**Task description:** Beginning with the line containing "바움미루 속눈썹 핀셋, 18개, 풀 블랙" and going on through the line containing "Green and White", the lines below are to be returned exactly, pictures excluded and nothing added.

**Supplied data:**
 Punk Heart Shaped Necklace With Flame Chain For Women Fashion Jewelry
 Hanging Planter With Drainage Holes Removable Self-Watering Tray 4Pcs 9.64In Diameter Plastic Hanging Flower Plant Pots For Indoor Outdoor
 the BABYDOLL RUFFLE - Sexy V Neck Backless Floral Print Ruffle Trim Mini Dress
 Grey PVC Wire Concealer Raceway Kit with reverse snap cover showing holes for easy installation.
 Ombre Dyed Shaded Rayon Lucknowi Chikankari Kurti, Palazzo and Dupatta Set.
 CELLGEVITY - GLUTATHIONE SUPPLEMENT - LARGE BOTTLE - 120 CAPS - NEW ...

==

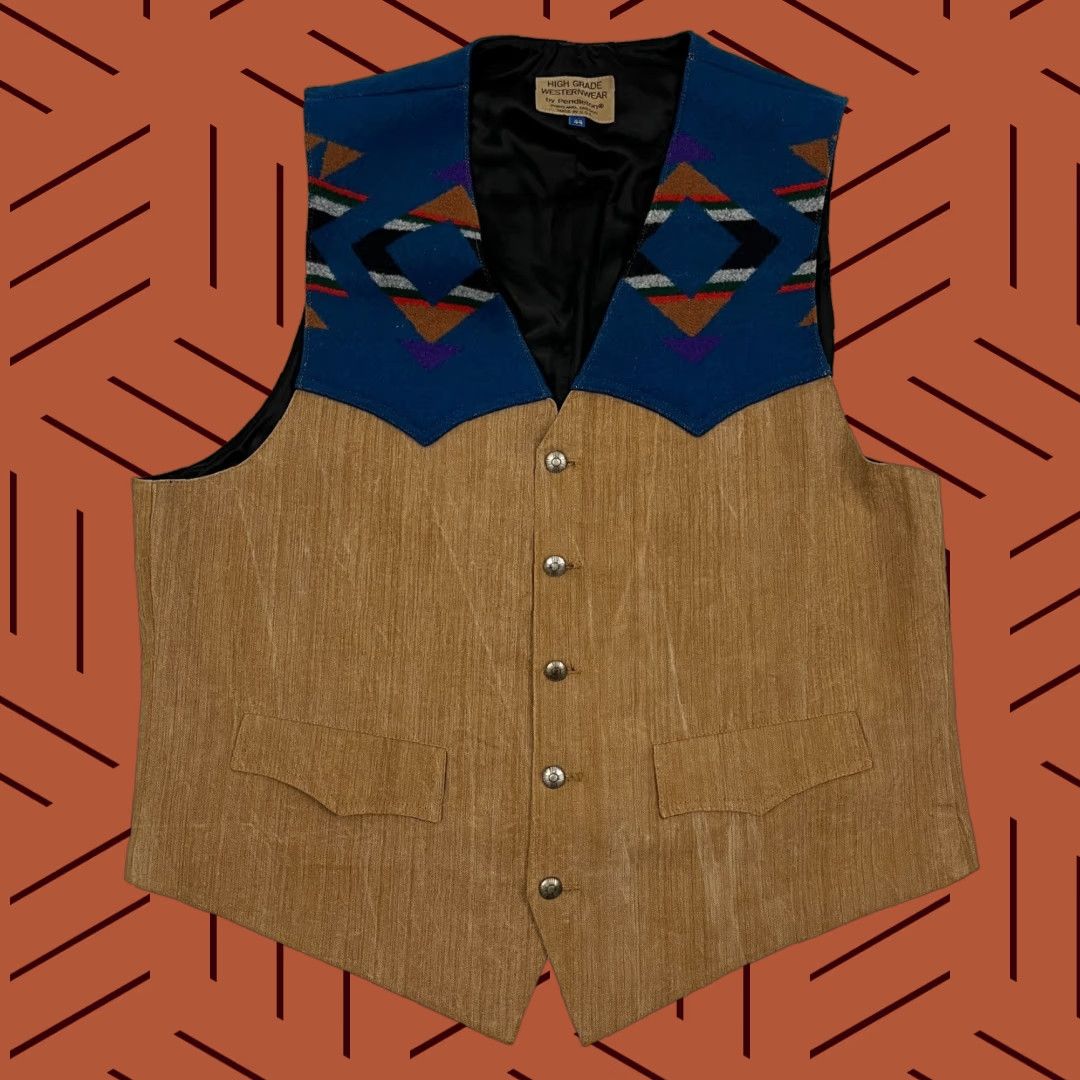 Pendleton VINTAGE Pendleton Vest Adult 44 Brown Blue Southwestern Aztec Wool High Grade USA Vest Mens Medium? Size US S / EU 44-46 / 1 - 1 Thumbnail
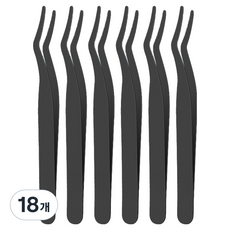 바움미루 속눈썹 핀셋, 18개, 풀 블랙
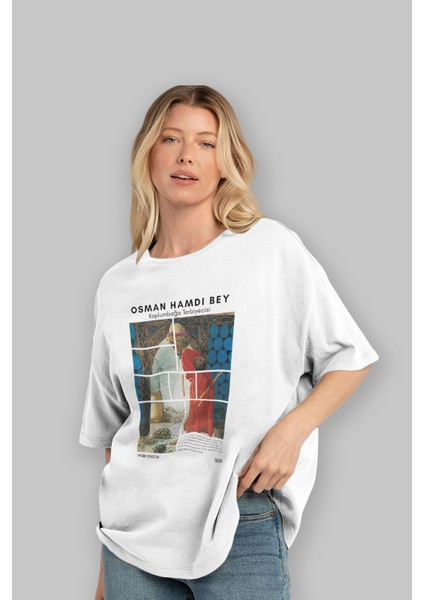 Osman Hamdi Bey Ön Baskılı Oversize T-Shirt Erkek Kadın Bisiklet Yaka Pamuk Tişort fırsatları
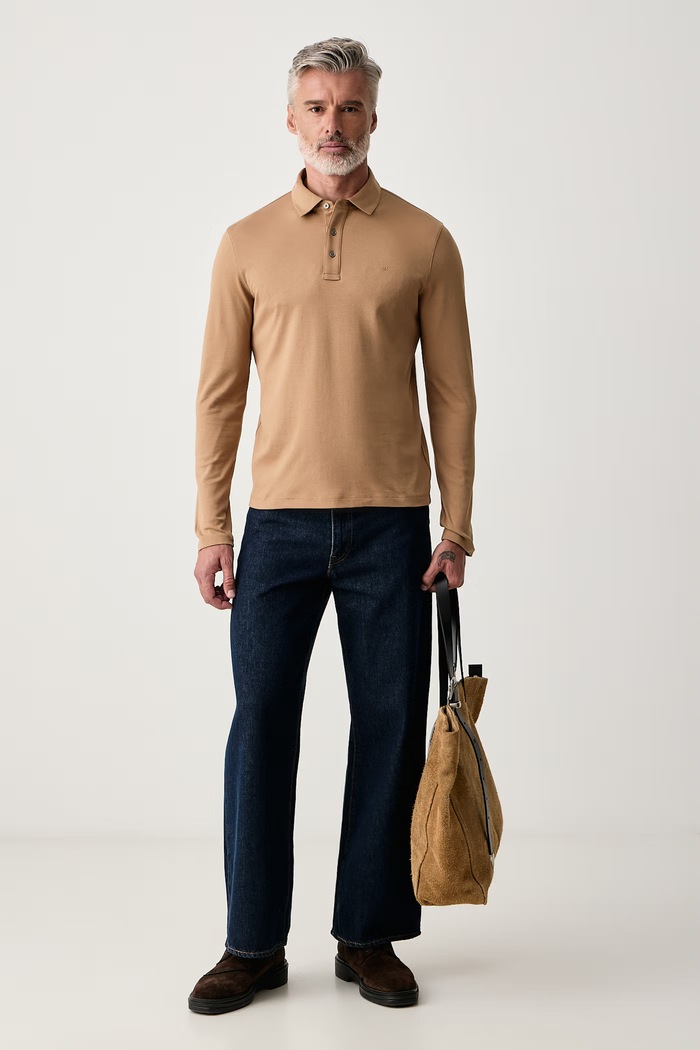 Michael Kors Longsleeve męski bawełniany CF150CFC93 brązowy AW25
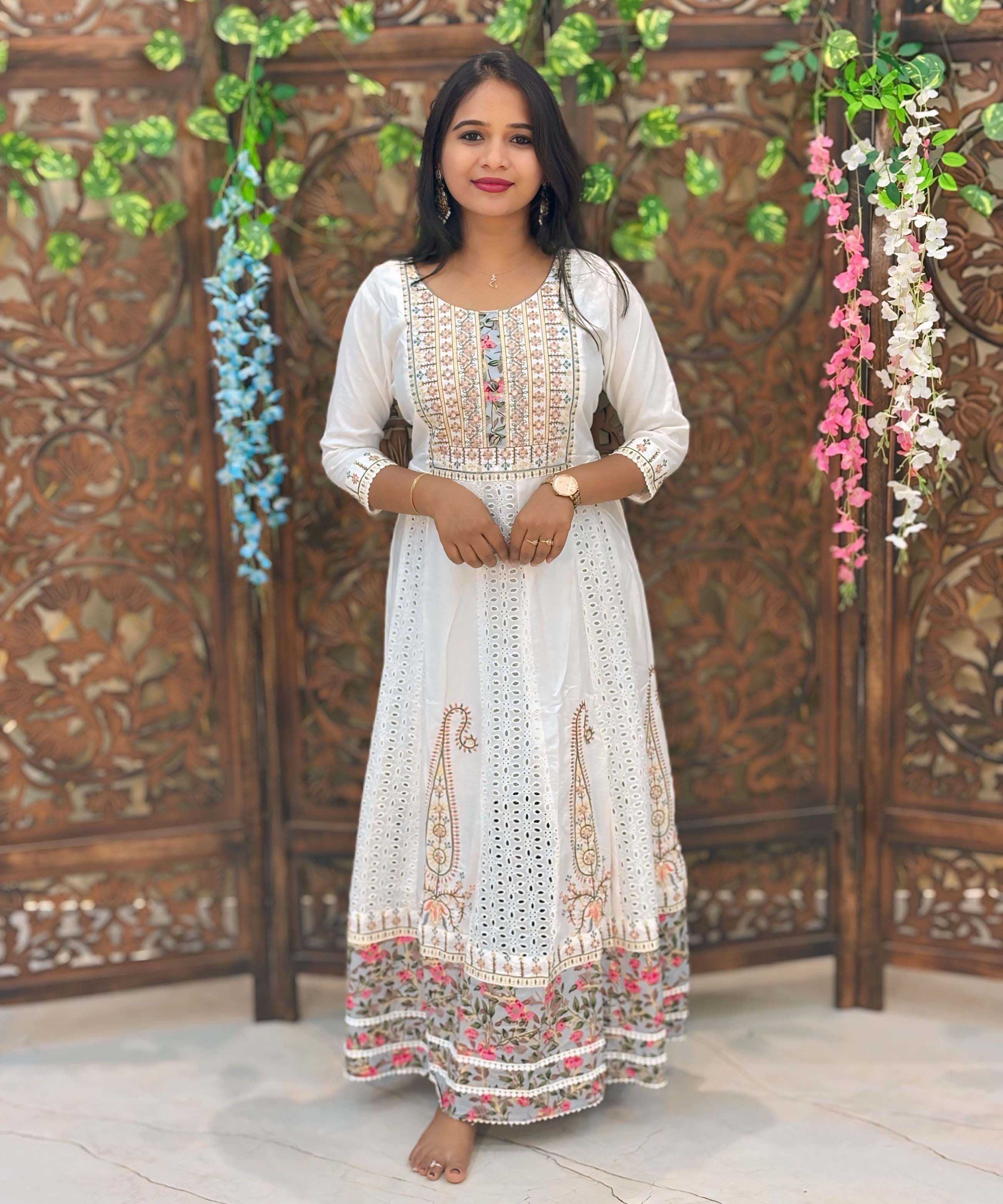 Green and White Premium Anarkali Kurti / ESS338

**Task result:**
 바움미루 속눈썹 핀셋, 18개, 풀 블랙
 Osman Hamdi Bey Ön Baskılı Oversize T-Shirt Erkek Kadın Bisiklet Yaka Pamuk Tişort fırsatları
 Michael Kors Longsleeve męski bawełniany CF150CFC93 brązowy AW25
 Green and White Premium Anarkali Kurti / ESS338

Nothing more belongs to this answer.